Поистине, брат мой, если узнал ты потребность народа, его землю, и небо, и соседа его, ты открыл закон преодолений его и угадал, почему он поднимается по этой лестнице к надежде своей.
«Ты всегда должен быть первым и стоять впереди других; никого не должна любить ревнивая душа твоя, кроме друга», — слова эти приводили в трепет душу грека, и шел он своей стезей величия.
«Говорить правду и хорошо владеть луком и стрелами», — считалось достойным и вместе с тем делом нелегким у народа,[16]от которого происходит имя мое — имя, которое ношу я с достоинством и честью, хотя и нелегко это мне.
«Чтить отца и мать и вплоть до сокровенных глубин души предаться воле их» — такова скрижаль преодолений другого народа, воздвигшего ее над собой и ставшего могущественным и вечным силой ее.
«Хранить верность и во имя ее жертвовать кровью и честью своей даже в злых и опасных делах», — так, поучаясь, преодолевал себя другой народ, и, преодолевая, великие надежды понес он в себе.

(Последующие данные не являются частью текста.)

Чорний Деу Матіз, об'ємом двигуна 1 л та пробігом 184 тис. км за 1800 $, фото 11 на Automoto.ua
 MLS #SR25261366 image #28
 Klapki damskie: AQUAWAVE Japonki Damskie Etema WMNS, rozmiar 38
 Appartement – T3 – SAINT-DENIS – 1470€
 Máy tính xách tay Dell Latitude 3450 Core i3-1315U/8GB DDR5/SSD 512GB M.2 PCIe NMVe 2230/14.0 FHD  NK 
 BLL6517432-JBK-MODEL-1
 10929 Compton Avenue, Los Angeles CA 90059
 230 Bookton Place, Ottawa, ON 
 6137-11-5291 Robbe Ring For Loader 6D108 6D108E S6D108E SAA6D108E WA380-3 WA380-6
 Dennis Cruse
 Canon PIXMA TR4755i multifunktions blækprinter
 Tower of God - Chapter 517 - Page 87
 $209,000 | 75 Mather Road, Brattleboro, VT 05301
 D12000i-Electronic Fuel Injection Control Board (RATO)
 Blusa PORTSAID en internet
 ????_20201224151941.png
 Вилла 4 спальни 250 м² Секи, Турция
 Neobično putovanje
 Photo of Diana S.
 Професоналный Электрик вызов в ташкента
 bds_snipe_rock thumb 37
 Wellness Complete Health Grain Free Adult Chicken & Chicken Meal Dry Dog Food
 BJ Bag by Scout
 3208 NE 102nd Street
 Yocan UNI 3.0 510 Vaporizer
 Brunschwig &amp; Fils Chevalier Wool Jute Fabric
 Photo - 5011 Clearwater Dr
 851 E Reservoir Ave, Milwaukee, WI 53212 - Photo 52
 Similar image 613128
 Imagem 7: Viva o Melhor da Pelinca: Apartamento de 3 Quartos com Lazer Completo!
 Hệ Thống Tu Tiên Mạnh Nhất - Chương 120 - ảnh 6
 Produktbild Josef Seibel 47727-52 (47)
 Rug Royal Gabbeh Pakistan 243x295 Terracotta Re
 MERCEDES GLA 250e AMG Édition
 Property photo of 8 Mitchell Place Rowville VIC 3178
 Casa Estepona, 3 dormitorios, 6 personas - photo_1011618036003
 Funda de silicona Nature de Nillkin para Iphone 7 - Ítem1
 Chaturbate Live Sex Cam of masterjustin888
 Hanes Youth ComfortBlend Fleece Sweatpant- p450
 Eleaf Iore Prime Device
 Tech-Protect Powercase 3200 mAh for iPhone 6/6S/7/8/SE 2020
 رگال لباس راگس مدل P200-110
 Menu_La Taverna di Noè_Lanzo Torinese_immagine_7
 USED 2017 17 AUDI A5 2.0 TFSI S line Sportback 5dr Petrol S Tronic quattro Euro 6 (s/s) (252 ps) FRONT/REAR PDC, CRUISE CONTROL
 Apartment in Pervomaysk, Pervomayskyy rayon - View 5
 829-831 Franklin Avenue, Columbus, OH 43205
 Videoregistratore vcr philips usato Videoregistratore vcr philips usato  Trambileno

Поистине, сами себе заповедали люди все добро свое и зло. Поистине, не заимствовали они и не нашли его, и не упало оно к ним, словно глас с неба.
Изначально человек придал ценность вещам, чтобы этим сохранить себя; он дал вещам смысл, человеческий смысл. Потому и назвал он себя человеком, что стал оценивать.
Оценивать — значит создавать. Слышите вы, созидающие! Именно оценка придает ценность и драгоценность всем оцененным вещам.
Лишь через оценку появляется ценность: и без оценивания был бы пуст орех бытия. Слышите вы, созидающие!
Перемена ценностей — это перемена созидающих. Всегда будет разрушителем тот, кто становится творцом.
Некогда творцами были целые народы, и только потом — отдельные личности: поистине, отдельная личность — это самое юное из всего созданного.
Скрижали заповедей добра воздвигли над собой народы. Любовь, стремящаяся повелевать, и любовь, жаждущая повиноваться, сообща создали эти скрижали.
Стремление к стаду древнее, чем притяжение собственного «Я»: и покуда добрая совесть означает волю стада, лишь дурная совесть скажет: «Я».
Поистине, лукавое и бессердечное «Я», ищущее своей выгоды в выгоде большинства, — не начало стада, а гибель его.
Любящие и созидающие — вот кто всегда был творцом добра и зла. Огонь любви и гнева пылает на именах всех добродетелей.
Много стран и народов повидал Заратустра, но не нашел он на всей земле силы большей, чем творения любящих: «Добро» и «Зло» суть их имена.
Поистине, чудовищны сила и власть этой похвалы и этого порицания. Скажите мне, братья мои, кто преодолеет их? Кто набросит оковы на тысячеглавого зверя?